The company said it operates 64 stores that were not acquired by Target, or were already slated for closure. An average Zellers has about 100 employees.

A spokeswoman for Walmart Canada wouldn’t comment on whether Canada’s largest retailer is interested in acquiring any of the locations.

Target Corp., which plans to open 125 to 135 stores in Canada indicated it has no current interest in acquiring any of the 64 zellers locations.

Target purchased the leasehold interests of 189 sites currently operated by Zellers Inc. and it says about $10 million to $11 million will be invested to remodel each facility.

“Our current focus is on those sites,” said Target spokeswoman Lisa Gibson in an email to the Canadian Press.

The U.S. retailer is poised to begin opening the first of the 125 and 135 stores in Canada at former Zellers locations acquired from Hudson’s Bay Co. The store openings are set to start next year.

Target has said only that Zellers employees would be encouraged to apply for jobs at their stores, but a Zellers employees’ union has launched the Target Fairness campaign to raise awareness about Target’s failure to commit to take on Zellers employees.

But the campaign has achieved little so far. Target has not responded to its demands and Walmart has recently said it won’t automatically hire Zellers employees, said Kevin Shimmin, national representative for UFCW Canada, the union representing employees at Zellers stores in B.C., Quebec and Ontario.

“At the end of the year, you’re looking at probably more than 10,000 Zellers employees that are out of a job,” he said.

Shimmin is worried about the treatment of Canadian retail employees as more Canadian brands disappear and the number of U.S. chains grows.

“It does make a big difference for Canadians working in the retail sector,” he said.

“What we can expect from Target is exactly the same as Walmart, as far as no job security, low wages and part-time work,” he said.

Zellers has been a key part of the Hudson Bay portfolio since 1978, emerging as the company’s discount retail subsidiary by offering clothing and household items at lower price points. It remained in the HBC fold as the company refocused its efforts on its core retail business in the 1980s and 1990s.

In recent years the company has made efforts to revitalize its The Bay stores, hiring former Holt Renfrew executive Bonnie Brooks as chief executive officer, introducing high-end boutique spaces in its Toronto flagship store and securing the rights to produce uniforms and merchandise for Canada’s Olympic athletes.
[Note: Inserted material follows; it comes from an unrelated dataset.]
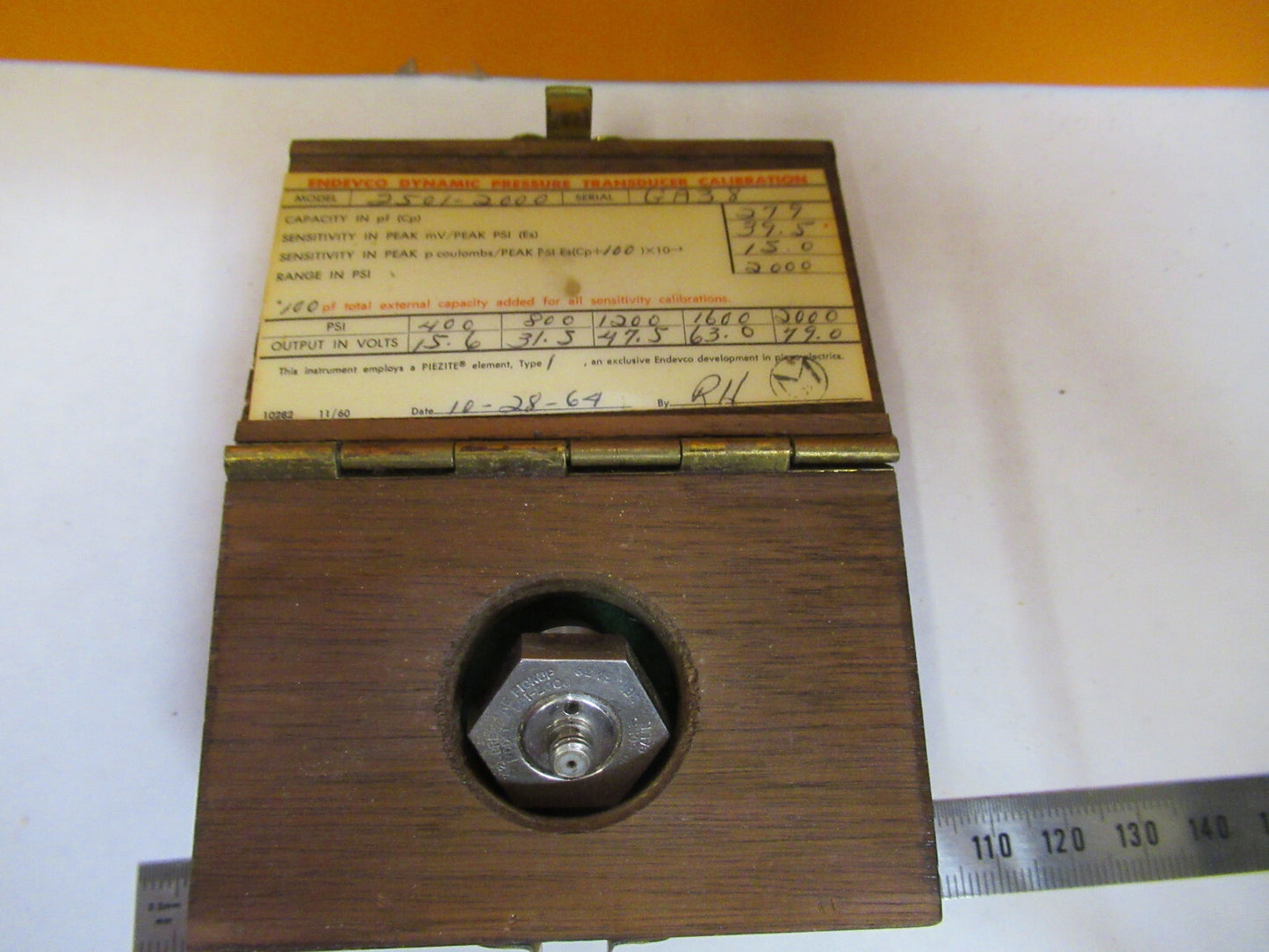 ENDEVCO 2501 PRESSURE TRANSDUCER SENSOR  AS PICTURED X6-A-34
The sale of Zellers stores to Target has been discussed since at least 2004, when Target was rumoured to be in talks with Hudson’s Bay Co. to buy its Zellers stores.

HBC has said it plans to use the proceeds from the sale to pay down debt and “spend aggressively” on its other brands, including The Bay and Home Outfitters, as well as Lord & Taylor’s in the U.S., adding that an initial public offering of the revamped company is “a very possible scenario.”